Information given
==================================================

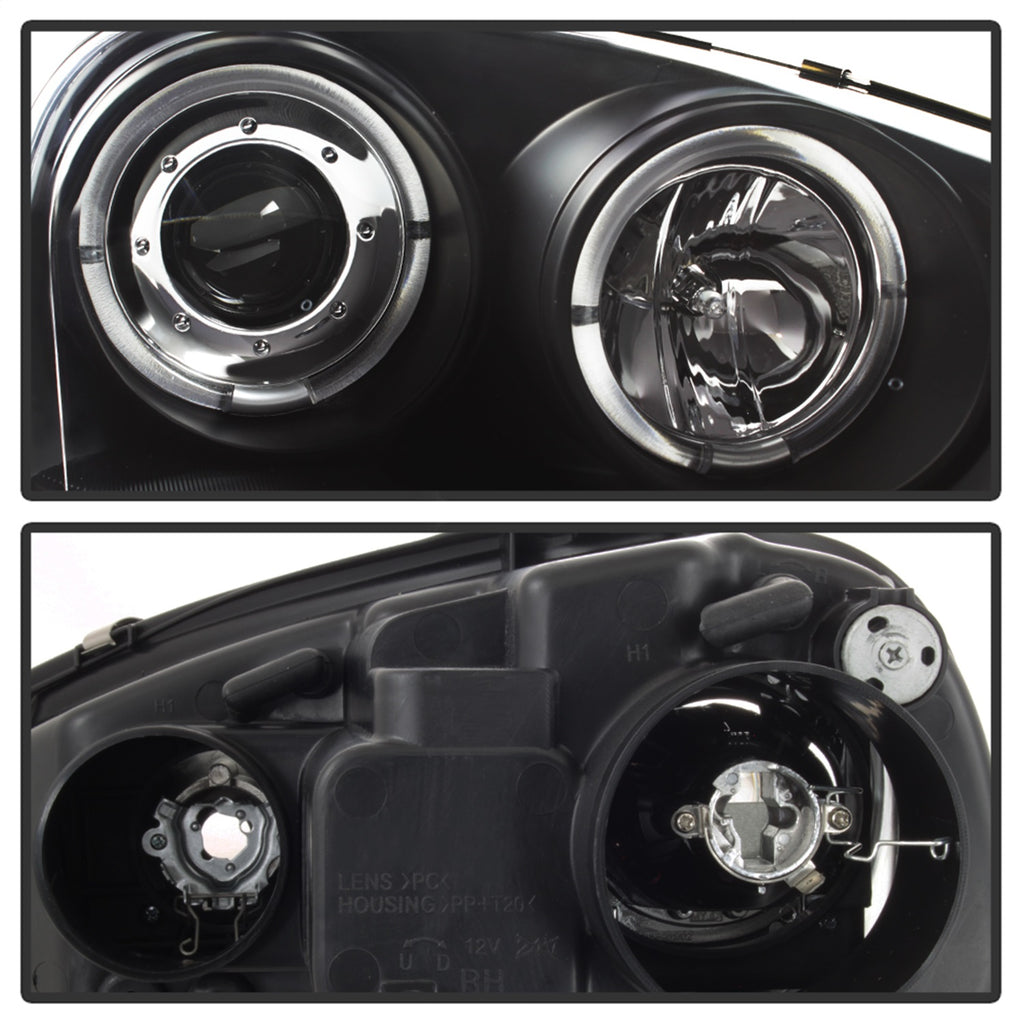 Spyder Auto 5012098 Halo LED Projector Headlights Fits 06-09 GTI Jetta Rabbit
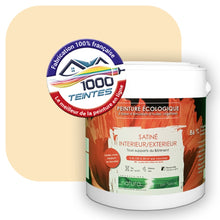 Charger l&#39;image dans la galerie, Peinture écologique Natura Tassili® Les Jaunes (L&#39;Atelier by Edicolor 083A/083-A/083A1) Intérieur/Extérieur SATIN
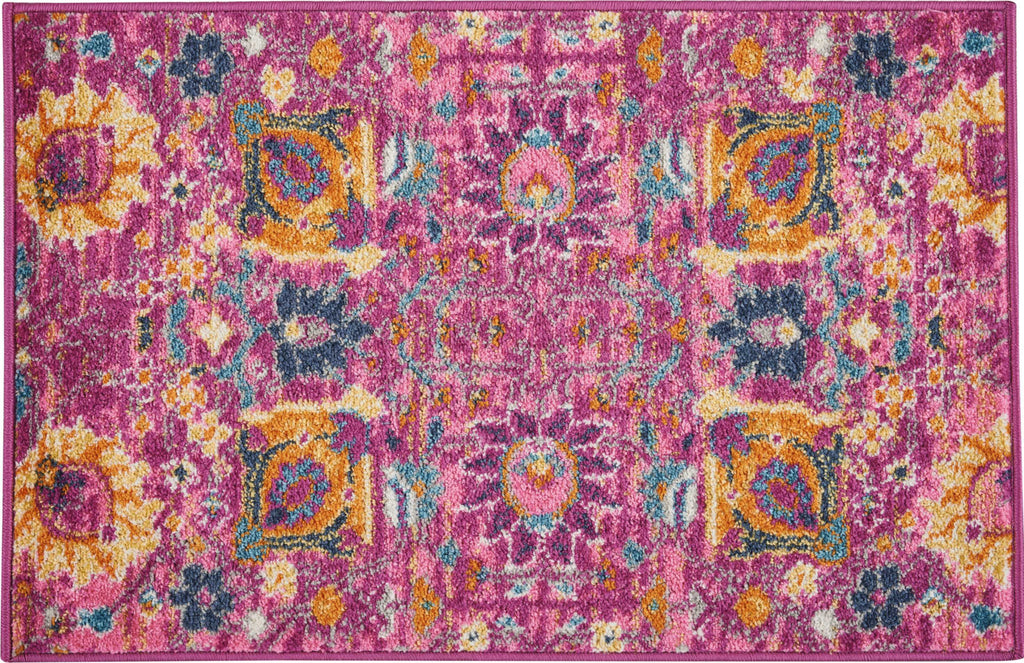 Nourison Passion PSN01 Fuchsia Area Rug 22'' X 34''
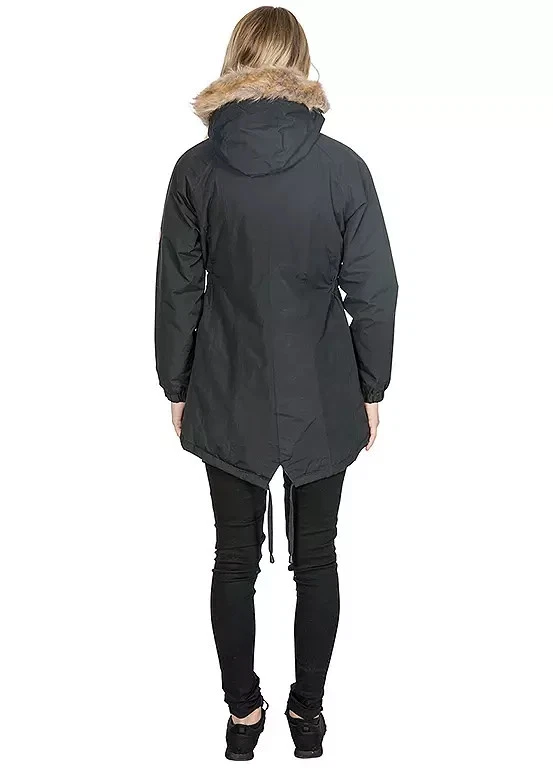 Trespass Womens Fleece Lined Parka Jacket   UK Medium   M      (ccn-58) - Image 3 of 3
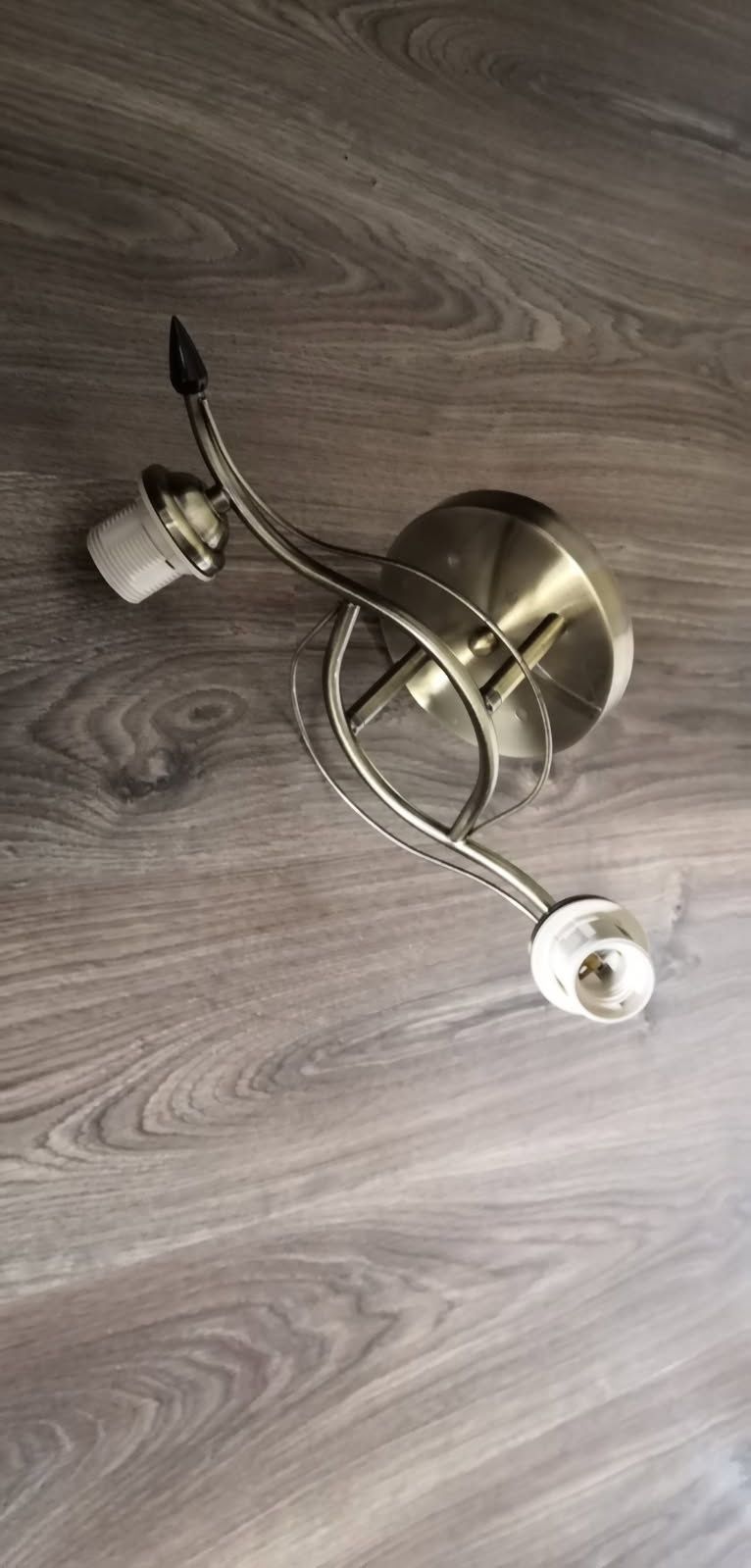 Lampa sufitowa - dwa klosze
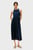 Женское темно-синее платье RIB TANK PLEATED DRESS MIDI NS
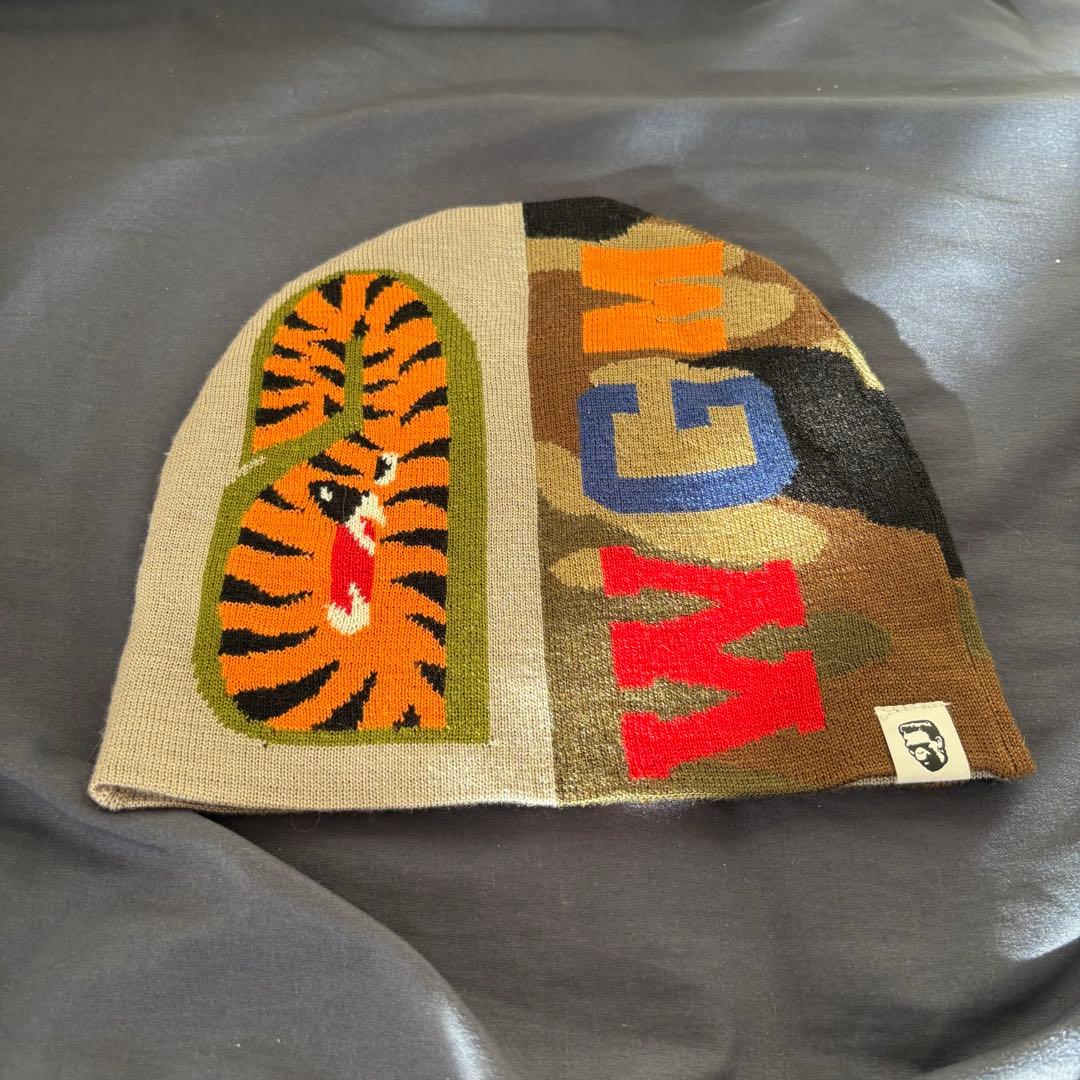 帽子 bape CAMO SHARK KNIT CAP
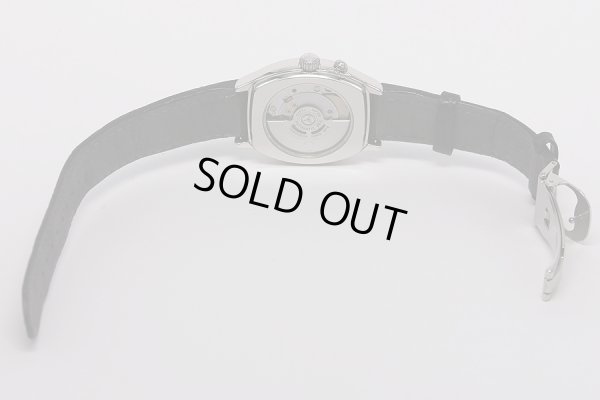 天賞堂　ワールドトラベラー　黒文字盤　革ベルト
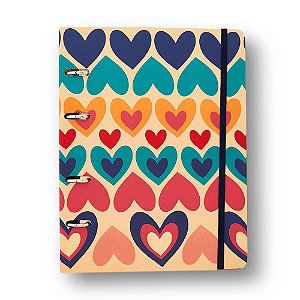 CADERNO ARGOLADO CICERO 17X24 BRISA ROMANCE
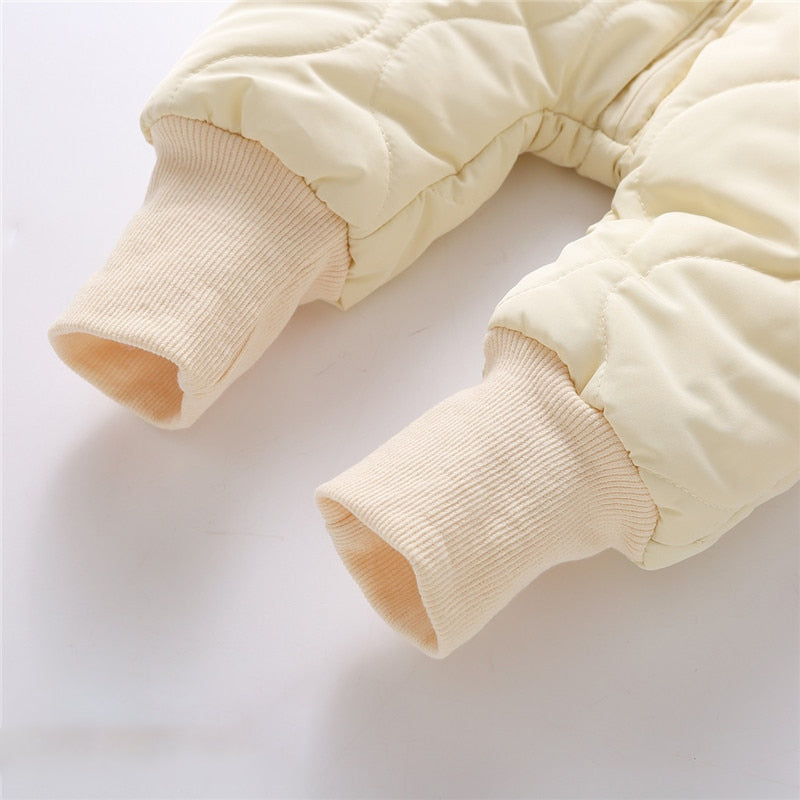 -☺︎ ベビー くま耳 フーディ アウター ジャプスーツ - mamahalo shop - アウタージャンプスーツ -  べビー服 - 子供服 - 男の子 - 女の子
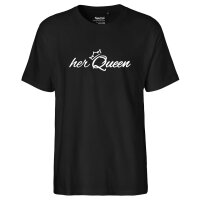 Herren T-Shirt her Queen Krone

==================================================

Your assignment
The lines to be quoted run from the line containing "Charger l&#39;image dans" through the end of the entries above, both included; quote them exactly and leave out any pictures.

Response to the exercise
 Charger l&#39;image dans la galerie, Peinture écologique Natura Tassili® Les Jaunes (L&#39;Atelier by Edicolor 083A/083-A/083A1) Intérieur/Extérieur SATIN
 Nourison Passion PSN01 Fuchsia Area Rug 22'' X 34''
 Trespass Womens Fleece Lined Parka Jacket   UK Medium   M      (ccn-58) - Image 3 of 3
 Lampa sufitowa - dwa klosze
 Женское темно-синее платье RIB TANK PLEATED DRESS MIDI NS
 帽子 bape CAMO SHARK KNIT CAP
 天賞堂　ワールドトラベラー　黒文字盤　革ベルト
 CADERNO ARGOLADO CICERO 17X24 BRISA ROMANCE
 -☺︎ ベビー くま耳 フーディ アウター ジャプスーツ - mamahalo shop - アウタージャンプスーツ -  べビー服 - 子供服 - 男の子 - 女の子
 Herren T-Shirt her Queen Krone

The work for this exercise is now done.